Sasarannya adalah meningkatkan kemungkinan siswa akan menemukan peran profesi/
hobi yang sesuai dengan profil kecerdasan mereka sendiri. Pialang harus
menyusun informasi mengenai kesempatan magang, pembimbingan, organisasi
masyarkat dan hal-hal lain yang serupa.
[5]Dalam
bukunya yang lain (terbaru), Gardner menyebutkan tiga tambahan kecerdasan baru
sehingga menjadi sepuluh, yakni: (8) Kecerdasan Eksistensial (Kecerdasan untuk
dapat belajar melalui konteks/ hubungan yang terfokus pada kedudukan manusia
dalam big picture keberadaannya di alam semesta. Jenis kecerdasan ini
tampak dalam aliran filsafat), (9) Kecerdasan Natural (Kecerdasan yang
berkaitan dengan kesenangan pada kegiatan outdoor, binatang dan fieldtrip,
termasuk kesenangan menginterpretasikan makna secara berbeda atau memiliki
pandangan yang berbeda dengan orang lain pada umumnya) dan (10) Kecerdasan
Spiritual (Kecerdasan yang berkaitan dengan hal-hal transenden atau mengatasi
waktu serta melampaui kekinian dan pengalaman manusia). Lihat Howard Gardner, Intelligence
Reframed: Multiple Intelligences for the 21th Century, (New York: Basic
Books, 1999).
[6]Bersama dengan kecerdasan linguistik, kecerdasan logika-matematika
konsisten dengan pendirian psikologi tradisional.

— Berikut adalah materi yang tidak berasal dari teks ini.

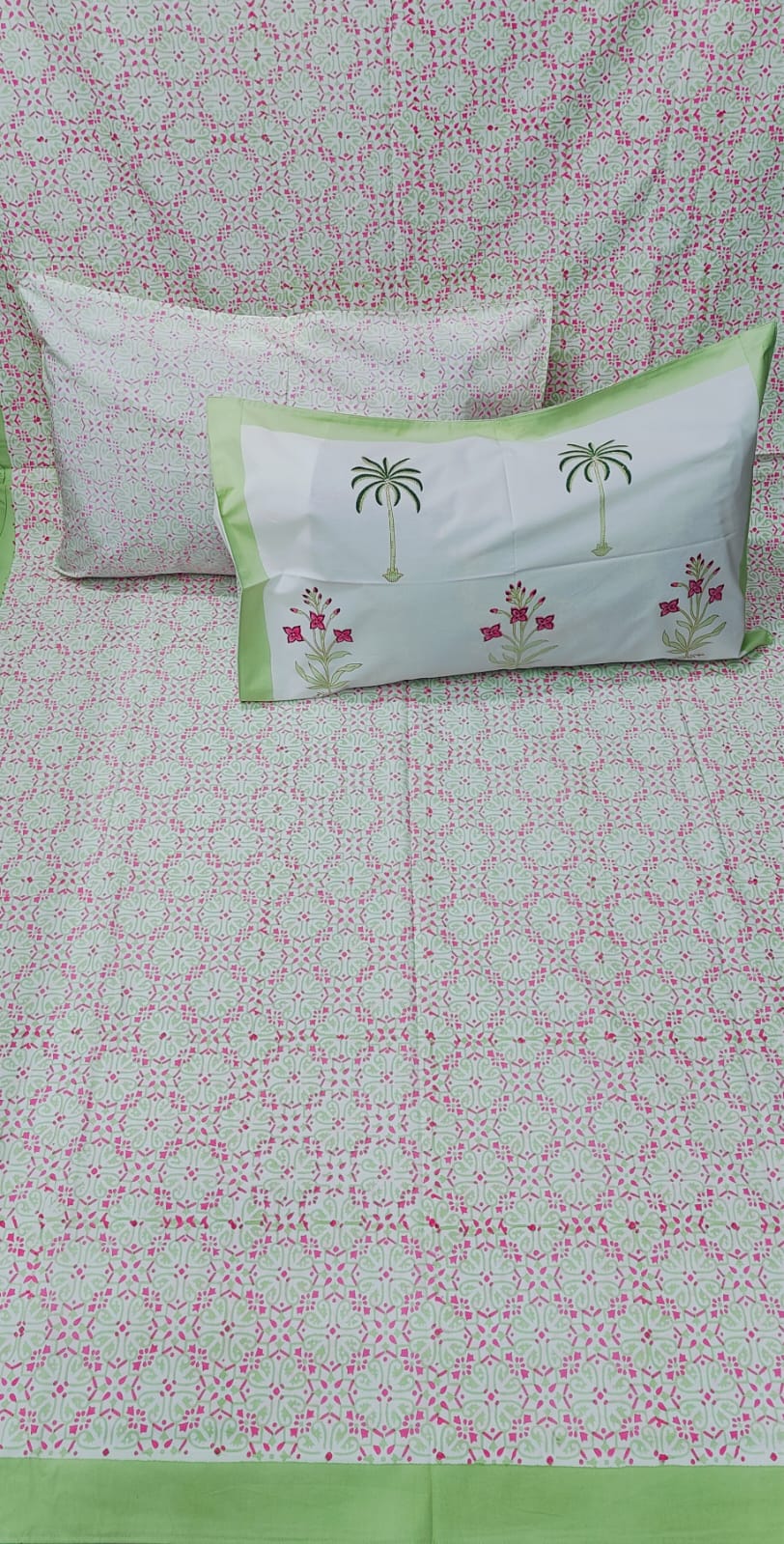 Pure percale cotton and wooden hand-block printed super king size bedsheets with 2 pillow covers (108x108 inches)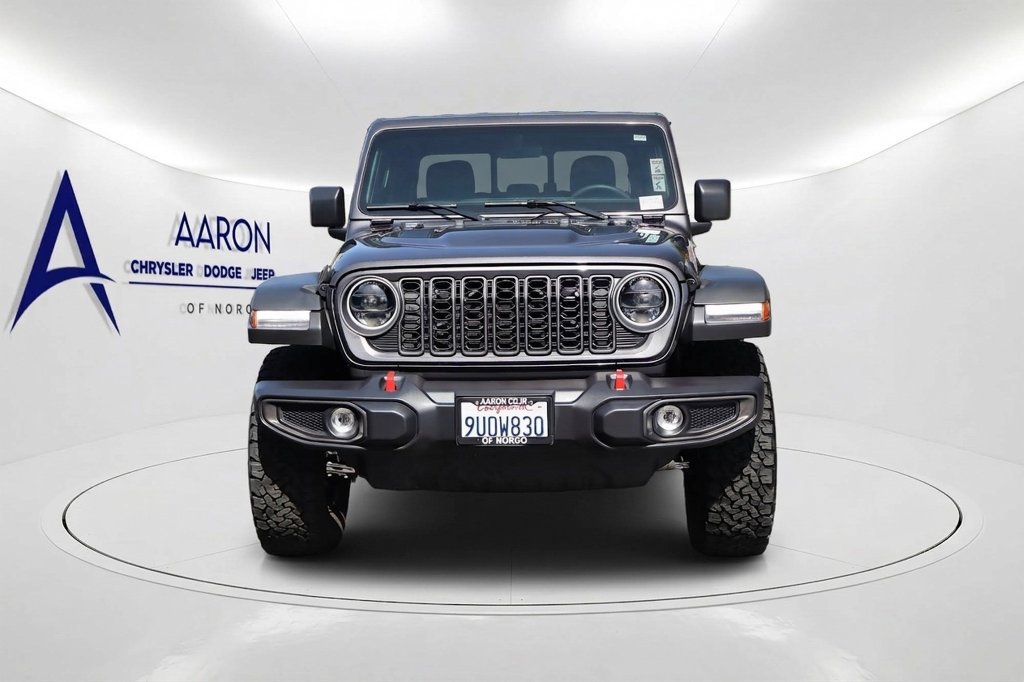 Certified 2025 Jeep Wrangler Unlimited Rubicon w/ Convenience Group AWD/4WD image 2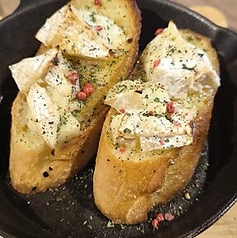 焼きカマンベール&ガーリックトースト ハチミツ添え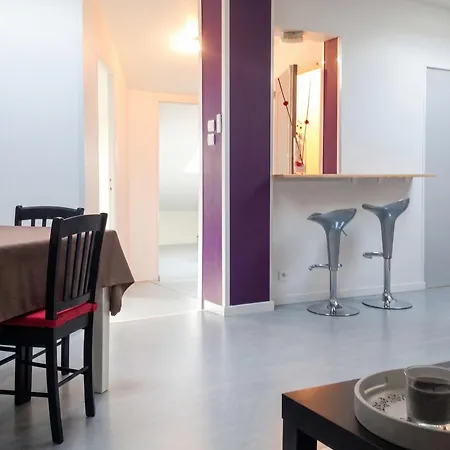 Moderne Avec 2 A * Dieulouard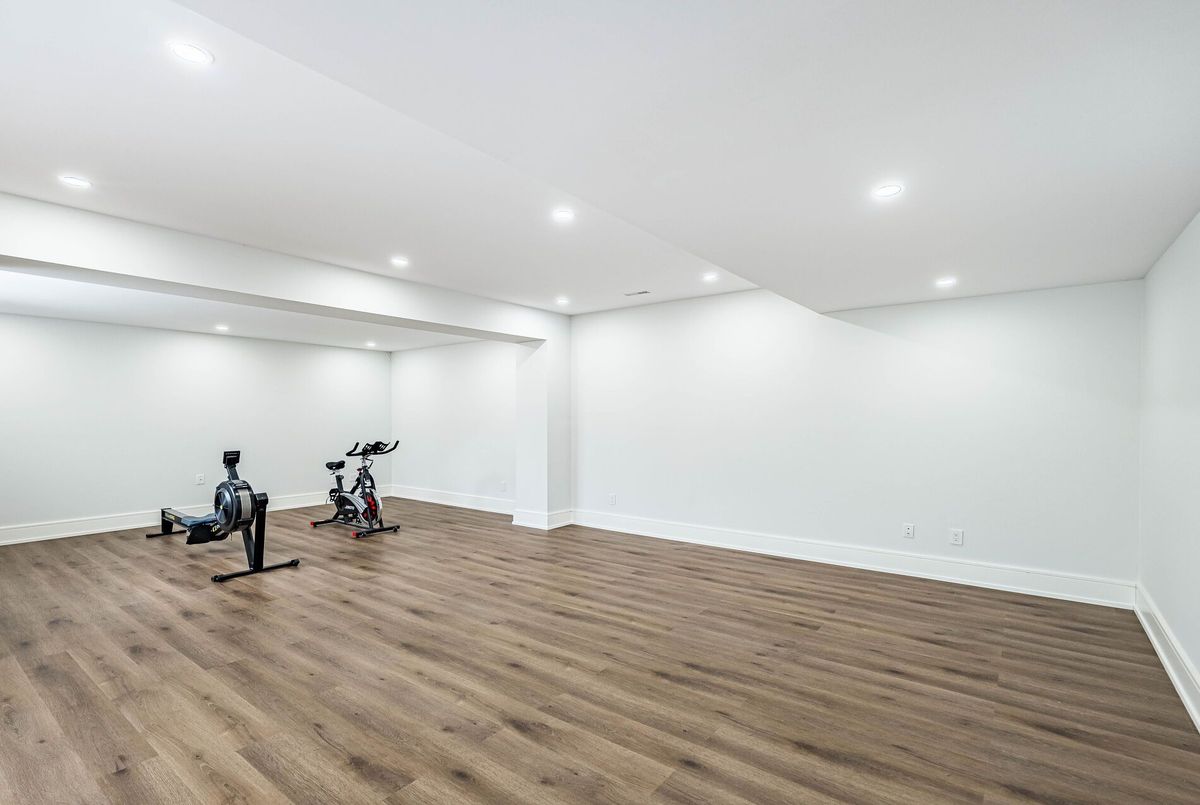 402 Niar Avenue Mississauga 402 Niar Avenue Mississauga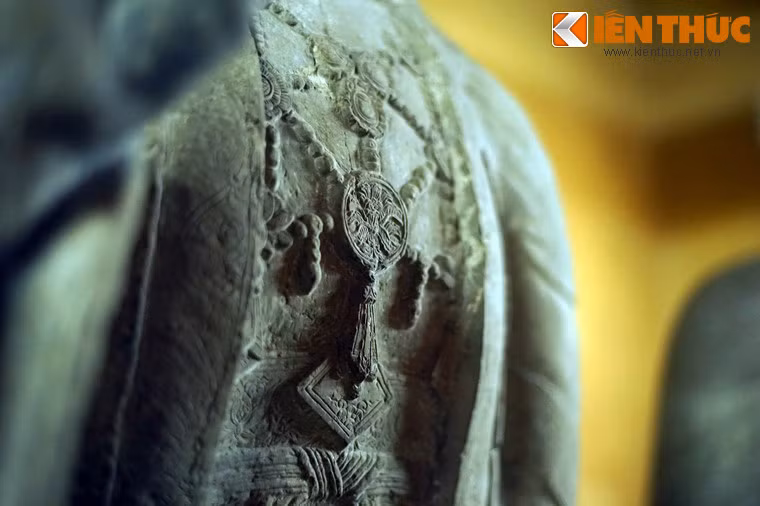 Cận cảnh chi tiết vòng dây trên ngực áo tượng.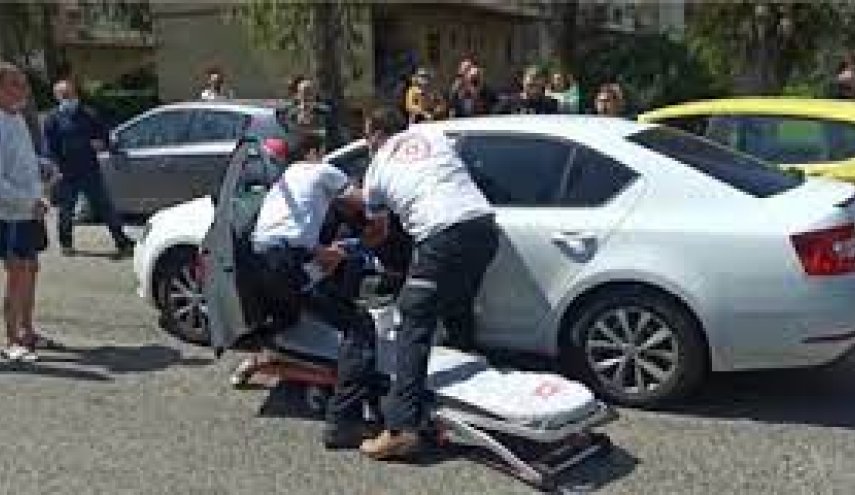 إصابات جراء اقتحام سيارة مطعما قرب تل ابيب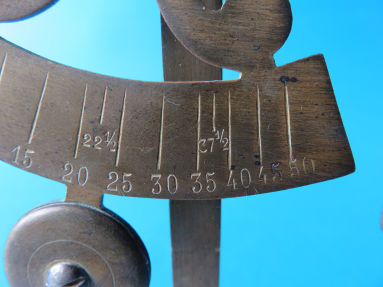 detail 3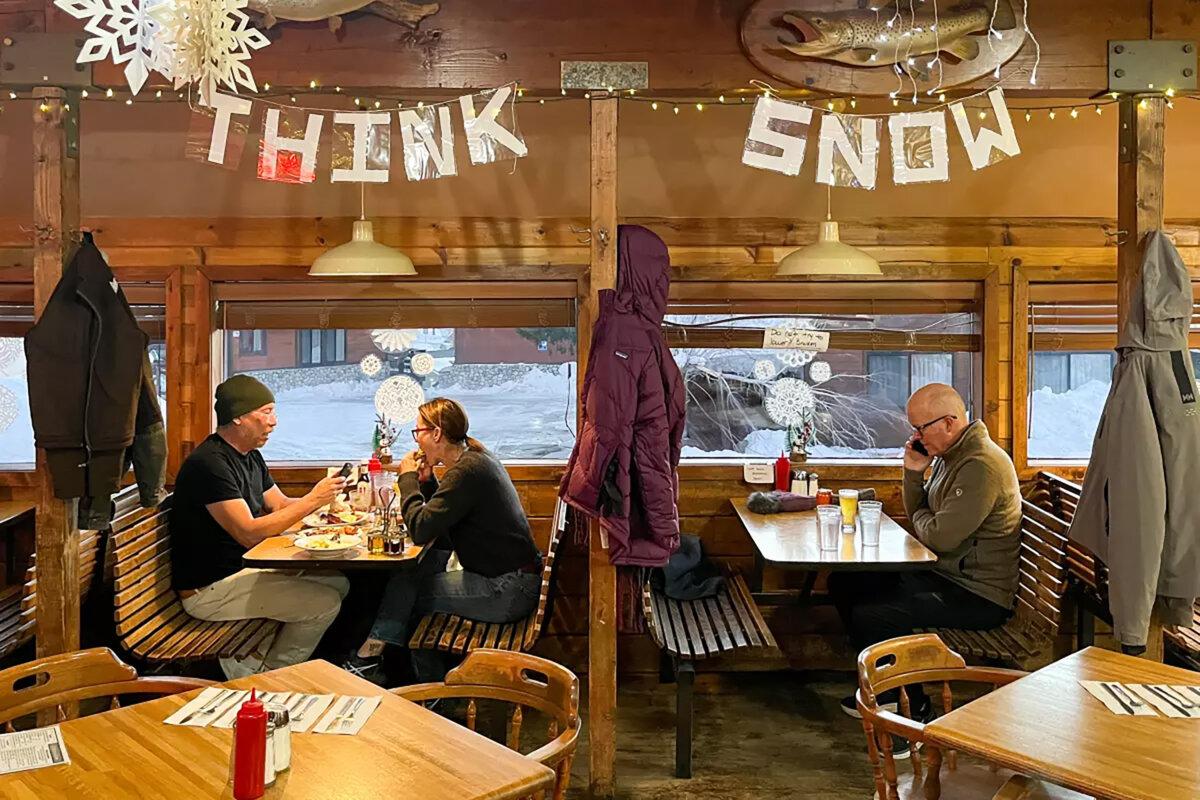 The Tiger Bar has anchored June Lake’s downtown since 1932. (Christopher Reynolds/Los Angeles Times/TNS)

[7]Kerusakan pada otak kanan bagian belakang merusak kemampuan
menemukan jalan ke suatu tempat, mengenali wajah atau pemandangan dan
memperhatikan rincian yang halus.
[8]Alzheimer (Penyakit Otak pada orang tua)
yang menyerang zona otak bagian belakang menyebabkan kerusakan berat pada
kemampuan menghitung ruang, logika dan linguistik, sedang penyakit Pick
yang lebih berorientasi pada otak bagian depan dapat menyebabkan hilangnya
keluwesan sosial dengan cepat.
[9]Kerusakan pada otak bagian depan menyebabkan orang mudah tersinggung
dan euforia, sedangkan kerusakan di bagian atas dapat menyebabkan sikap acuh tak
acuh, lesu, lambat dan apatis (depresi kepribadian).